Riviera, le long des côtes dentelées de l’Italie, s’en va promener ses vagues transparentes jusqu’à l’antique Hellade, comme pour lui porter sur ses ondes azurées qui baignent la Provence le salut lointain de la cité phocéenne.

Qu’elle me plaisait, mes chers enfants, ma chambre ensoleillée ! Que vous eussiez été heureux de m’y voir travaillant dans le calme et la paix, en pleine jouissance d’une santé parfaite !

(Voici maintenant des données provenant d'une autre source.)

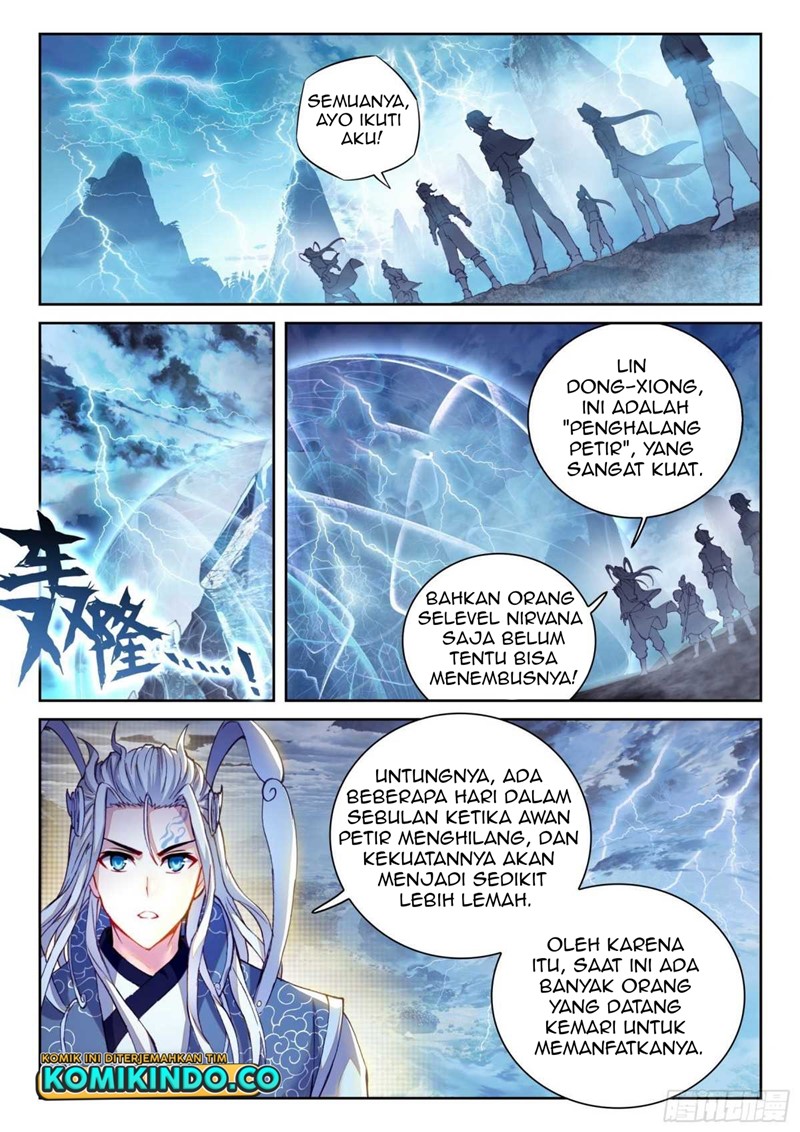 Wu Dong Qian Kun Chapter 140 Gambar 5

Ayant parlé de Grisélidis, j’ajouterai que, possédant deux ouvrages libres, celui-ci et le Jongleur de Notre-Dame, mon éditeur en entretint Albert Carré, dont le choix se porta sur Grisélidis. Ce fut le motif pour lequel, ainsi que je l’ai écrit plus haut, le Jongleur de Notre-Dame fut représenté à Monte-Carlo en 1902.

Grisélidis prit donc les devants, et cet ouvrage fut donné à l’Opéra-Comique, le 20 novembre 1901.

Mlle Lucienne Bréval en fit une création superbe. Le baryton Dufranne parut pour la première fois dans le rôle du marquis, mari de Grisélidis ; il obtint un succès éclatant dès son entrée en scène ; Fugère fut extraordinaire dans le rôle du Diable, et Maréchal tendrement amoureux dans celui d’Alain.

J’aimais beaucoup cette pièce. Tout m’en plaisait.

Elle faisait converger vers des sentiments si touchants la fière et chevaleresque allure du haut et puissant seigneur partant pour les croisades, l’aspect fantastique du diable vert, qu’on aurait dit échappé d’un vitrail de cathédrale médiévale, la simplicité du jeune Alain et la délicieuse petite figure de l’enfant de Grisélidis ! Nous avions pour ce grand personnage une petite fille de trois ans qui était le théâtre même.